Gradliniger Weg zur Meisterpianistin
Aglaia Graf wurde 1986 in Basel geboren. Nach Unterricht bei der polnischen Pianistin Alicja Masan wurde sie 14-jährig als Jungstudentin in der Konzertklasse von Adrian Oetiker an der Musikhochschule Basel aufgenommen, wo sie 2007 ihr Konzertdiplom mit Auszeichnung erhielt. Danach setzte sie ihr Studium in Wien und Paris fort.Sie bildete sich in der Klasse von Ronald Brautigam weiter und in Meisterkursen, etwa bei András Schiff oder Paul Badura-Skoda.
Die Karriere entwickelte sich im üblichen Rahmen: Erfolge bei Wettbewerben öffneten die Türen zu Konzertveranstaltern und Orchestern. Oft trat sie zusammen mit ihrem Vater auf, dem legendären Flötisten Peter Lukas Graf. Er ist mittlerweile 88 Jahre alt, aber er wirke jugendlich und reise gerne, sagt Aglaia Graf. Aktuell arbeiten die beiden an einem Schubert-Programm.
Unbekanntes neben Meisterwerken
Kammermusik gehört für Aglaia Graf untrennbar zum musikalischen Leben. Mit dem englischen Cellisten Benjamin Gregor-Smith spielt sie in einer festen Duo-Formation: «Das Repertoire für Cello und Klavier ist riesig, umfasst unglaubliche Perlen.» Als Nächstes würden sie gerne die drei Sonaten von Bohuslav Martinu in Angriff nehmen. «Wahnsinnig gut gemachte Musik, die zu selten gespielt wird.»
Ein weiterer Plan – diesmal mit einem Trio – umfasst Werke im Dreieck von Brahms, Robert und Clara Schumann, deren Romanzen für Violine und Klavier es ihr angetan haben. Aglaia Graf mag es, ihrem Publikum unbekannte Werke zu präsentieren. Dazu gehören immer grosse Meisterwerke, von denen sie weiss, dass sie auf offene Ohren stossen. So spielt sie demnächst Klavierkonzerte von Mozart, aber auch von Gershwin. Oder sie kombiniert Chopin mit der Minimal Music von Philip Glass und wagt sich an die Sonate für zwei Klaviere und Schlagzeug von Béla Bartók.
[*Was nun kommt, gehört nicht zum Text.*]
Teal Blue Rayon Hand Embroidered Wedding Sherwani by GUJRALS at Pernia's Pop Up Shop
Inspiration aus der Welt der griechischen Antike
Eine weitere Spezialität von Aglaia Graf ist es, sich ihrem Publikum mit eigenen Kompositionen vorzustellen. Für ihren Luzerner Auftritt hat sie eigens ein neues Werk geschrieben und sich von der Welt der griechischen Antike inspirieren lassen. «Schon als Kind haben mir meine Eltern diese Geschichten vorgelesen. Sie haben mich fasziniert, weil ich sie für einen gelungenen und menschlichen Welt-Erklärungsversuch halte.» Naturphänomene zum Beispiel würden mit Geschichten über Götter und Helden beschrieben, ganz im Gegensatz zu unserer heutigen Wissenschaft. «Diese hat emotional ja nichts mehr mit uns zu tun», bedauert sie.
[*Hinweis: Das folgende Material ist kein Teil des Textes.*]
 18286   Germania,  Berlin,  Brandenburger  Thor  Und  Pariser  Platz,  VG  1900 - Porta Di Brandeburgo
Die Figur des Odysseus hat Aglaia Graf bereits zu einem Stück für Cello und Klavier inspiriert. Für ihr neues Klavierstück sind es nun die Urgötter, wie sie der griechische Dichter Hesiod beschreibt: Gaia, die Erde, Tartaros, die Unterwelt, und Eros, die Liebe. «Gaia und Tartaros sind die gegensätzlichen Eckpfeiler des dreisätzigen Stücks», sagt die Komponistin. «Eros steht dazwischen als kurzes, leichtes Zwischenspiel, als kaum greifbares Wesen, wie ein flüchtiges Flüstern.» Solche Assoziationen helfen dem Publikum, sich auf ein neues Stück einzulassen: «Der Zugang wird damit tiefer und emotionaler.»
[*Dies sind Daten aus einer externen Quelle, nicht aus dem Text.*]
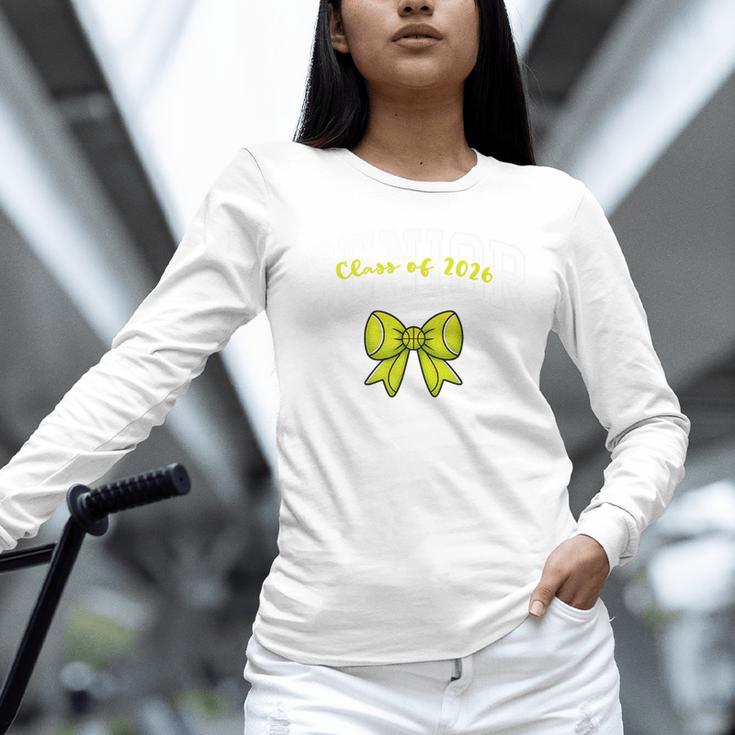 Senior Class Of 2026 Tennis Coquette Bow Graduation Premium Unisex Long Sleeve T-Shirt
Nicht um jeden Preis experimentell
Sie sei offen für alles, sagt Graf. So habe sie eine Zeit lang auch frei improvisierte Musik gespielt, wo man alle Regeln und Konventionen komplett abstreife. «Aber ich muss nicht um jeden Preis experimentell sein in meinen Stücken.» Sie höre zwar viel zeitgenössische Musik. «Aber natürlich fliessen alle meine Erfahrungen mit den Werken der letzten 400 Jahre Musikgeschichte in meine Kompositionen ein», sagt sie und versichert: «So ist mein neues Stück für Luzern in keiner Weise extrem.»
Konzert
Aglaia Graf
Do, 23.11., 12.15 Lukaskirche Luzern
Uraufführung der Eigenkomposition «Birth of Gods»
Sowie Werke von Mozart, Händel, Beethoven, Ginastera
Piano-Festival Luzern Sa, 18.11.–So, 26.11.